Pertanto, prosegue l’Amministrazione finanziaria, rispetto ai crediti maturati nelle annualità in cui il lavoratore era ancora fiscalmente residente in Italia (e svolgeva, in modo abituale, la propria attività professionale ovvero di lavoro autonomo) ma incassati dopo il suo espatrio e la chiusura della partita IVA, è necessario, alternativamente:
- Imputare i compensi che non abbiano ancora avuto manifestazione finanziaria al momento della chiusura della posizione IVA ai redditi relativi all’ultimo anno di attività professionale, oppure;
- Mantenere la posizione IVA individuale fino all’ultimazione di tutte le operazioni fiscalmente rilevanti, permettendo così l’emissione della fattura e la dichiarazione dei redditi nell’anno di imposta in cui si realizza l’incasso del credito.

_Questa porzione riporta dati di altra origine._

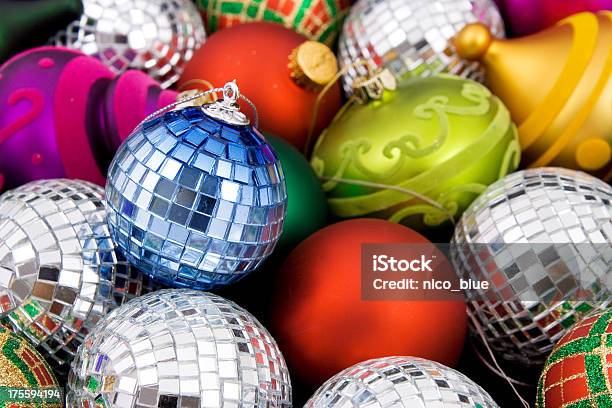Baubles Foto de stock y más banco de imágenes de Adorno de navidad - Adorno de navidad, Brillante, Celebración - Acontecimiento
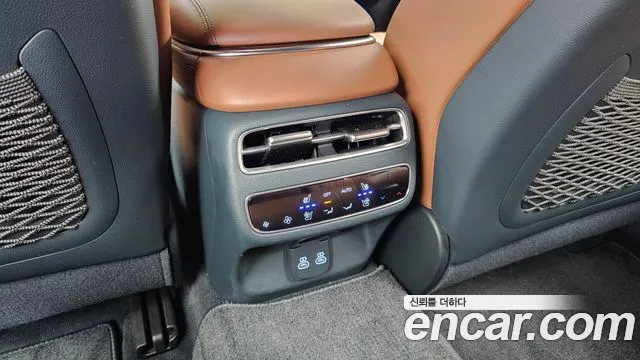 Genesis GV70 2024 thumb 8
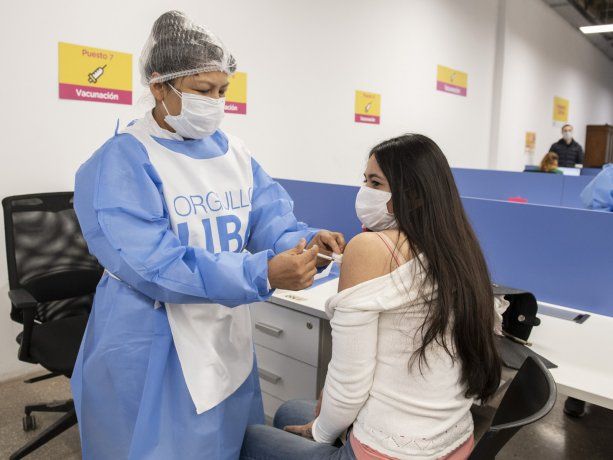 Santa Fe: habilitaron la vacunación libre del segundo refuerzo de la vacuna contra el coronavirus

Pertanto, qualora il professionista abbia chiuso, impropriamente, la propria partita IVA prima che fossero concluse tutte le attività ad essa connesse, dovrà procedere alla richiesta di riattivazione della propria posizione fiscale e, al momento dell’effettivo incasso dei singoli crediti, dovrà rendicontarli tramite emissione di una fattura per prestazione di lavoro autonomo e dichiararli come reddito professionale, utilizzando il modello Redditi Persone fisiche dell’anno di competenza.
Compensi arretrati del professionista che ha chiuso partita IVA come redditi diversi
In un precedente chiarimento, ovvero, la risposta all’interpello n. 299 del 2 settembre 2020, l’Agenzia ha sostenuto che i compensi percepiti dopo la chiusura della partita IVA rientrano nella categoria dei redditi diversi. Il professionista, quindi, è tenuto a compilare il quadro RL del modello Redditi, ai fini della corretta tassazione delle somme erogate in ritardo.

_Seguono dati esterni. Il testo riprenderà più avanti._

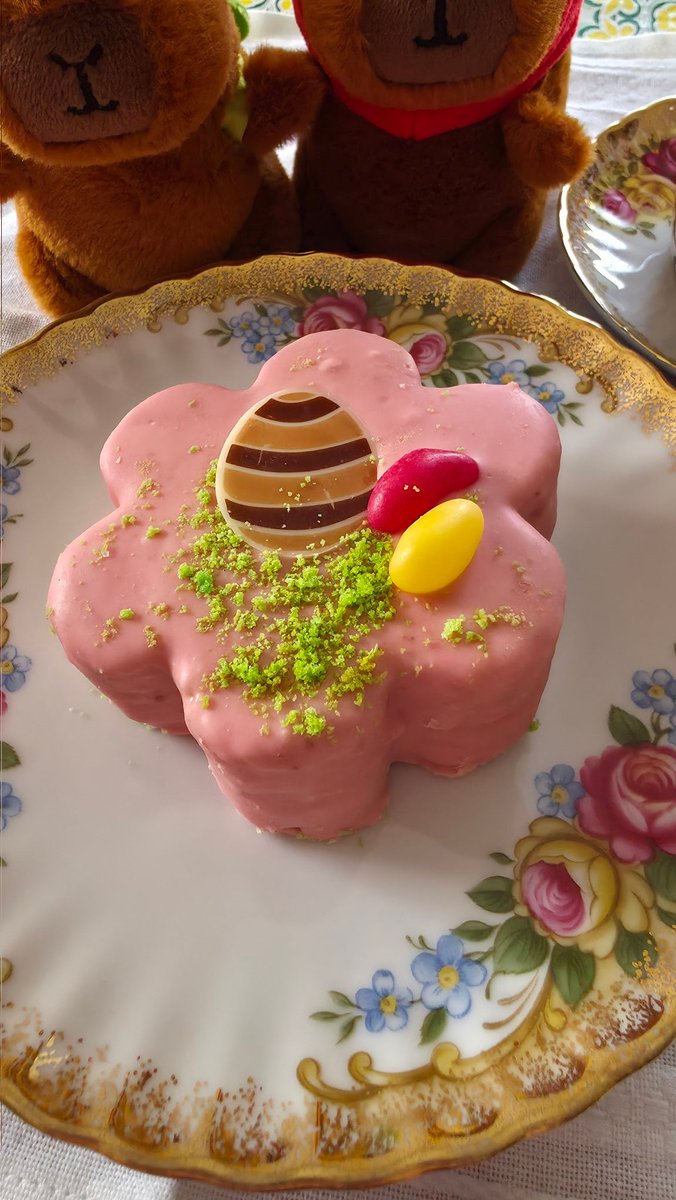 PMD486's tweet photo. Aniversario café 🥰🫧
Special Baumkuchen😁
#CapyVirus #HelloKitty https://t.co/pVYlsZUaeA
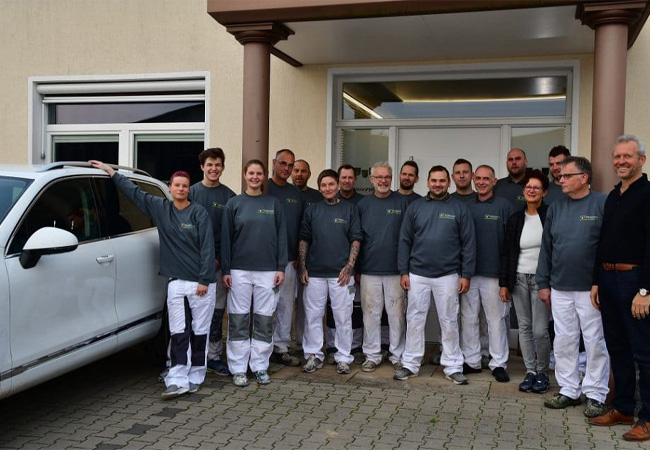 Gelungenes Netzwerken: Malerbetrieb Tiemerding bezieht Kleidung für Mitarbeiter komplett vom Texxdealer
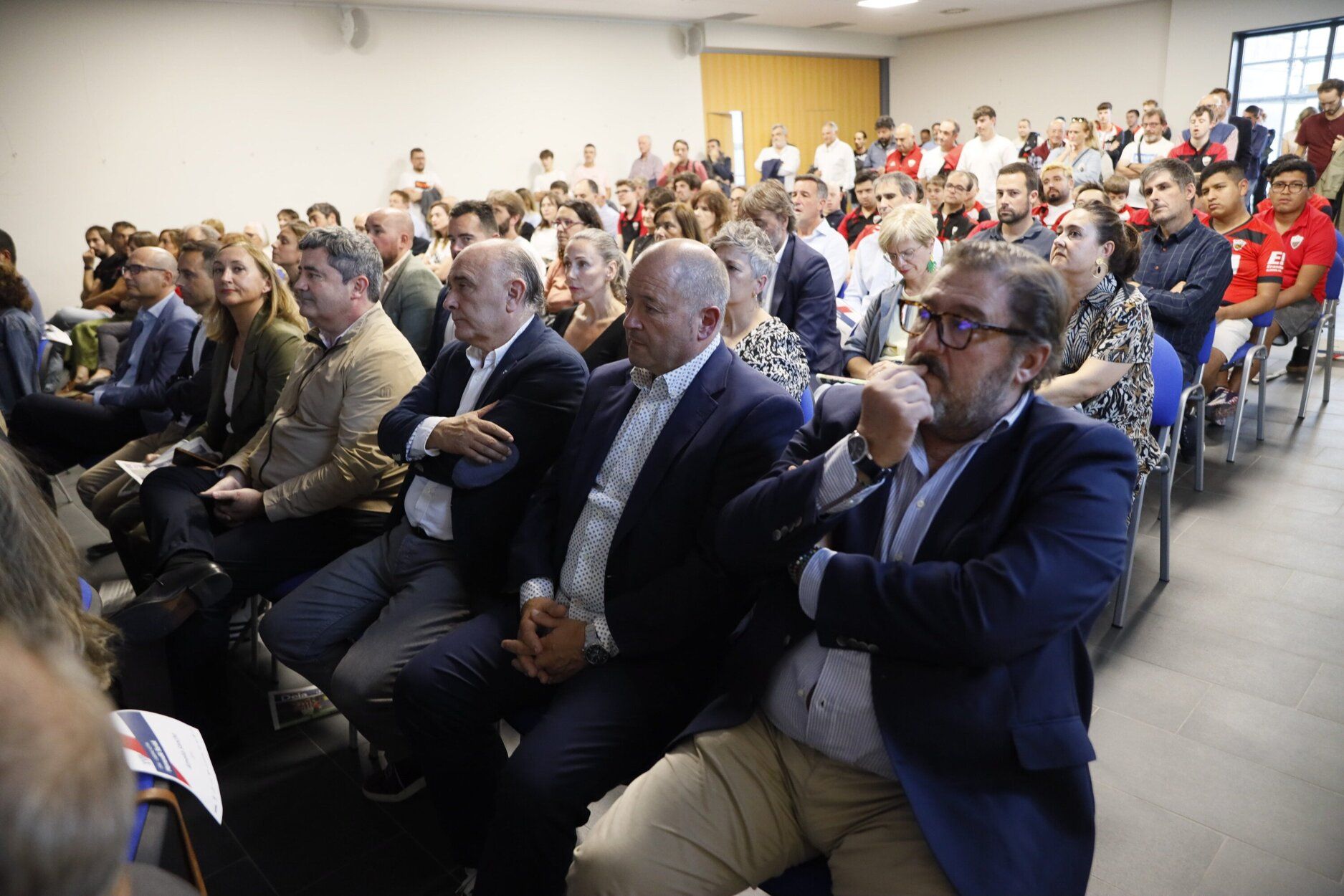 En imágenes: un canto a lo más cercano desde Derio en los DEIA Laboral Kutxa Hemendik Sariak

Nel caso in oggetto, invece, ove il professionista si è trasferito all’estero, l’Agenzia afferma la tesi di dover riaprire partita IVA per far dichiarare i compensi in Italia.
Conclusioni sui compensi arretrati del professionista
Possiamo riassumere, quindi, che la cessazione dell’attività del professionista non coincide con il momento in cui questi termina, di fatto, l’esercizio della professione intellettuale, cessando le sue prestazioni verso i clienti. L’attività, di fatto, termina nel momento in cui si chiudono i rapporti professionali (crediti e debiti) fatturando tutte le prestazioni svolte (anche ancora non incassate) e dismettendo i beni strumentali. Appare evidente, quindi, che il professionista non ha la possibilità di effettuare la chiusura della partita IVA, necessaria per la definizione dei rapporti che restano pendenti successivamente alla cessazione dell’attività, pena la necessità di riaprire la propria posizione in Italia.

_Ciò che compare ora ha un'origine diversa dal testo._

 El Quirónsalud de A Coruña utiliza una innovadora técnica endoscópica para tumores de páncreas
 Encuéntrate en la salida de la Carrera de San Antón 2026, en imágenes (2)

Inoltre, deve essere considerato il fatto (non analizzato dall’Agenzia) degli aspetti legati alla doppia imposizione che si verrà a creare sul reddito del professionista che, a quel punto, si troverà nella situazione di doverlo dichiarare anche nello Stato estero di attuale residenza fiscale (con problematiche legate anche alla corretta modalità di indicazione del reddito professionale estero). In questo caso potrà venire in auto l’eventuale Convenzione contro le doppie imposizioni in essere con l’Italia (ove esistente), con probabile applicazione di un credito per imposte estere (al fine di attenuare la doppia imposizione).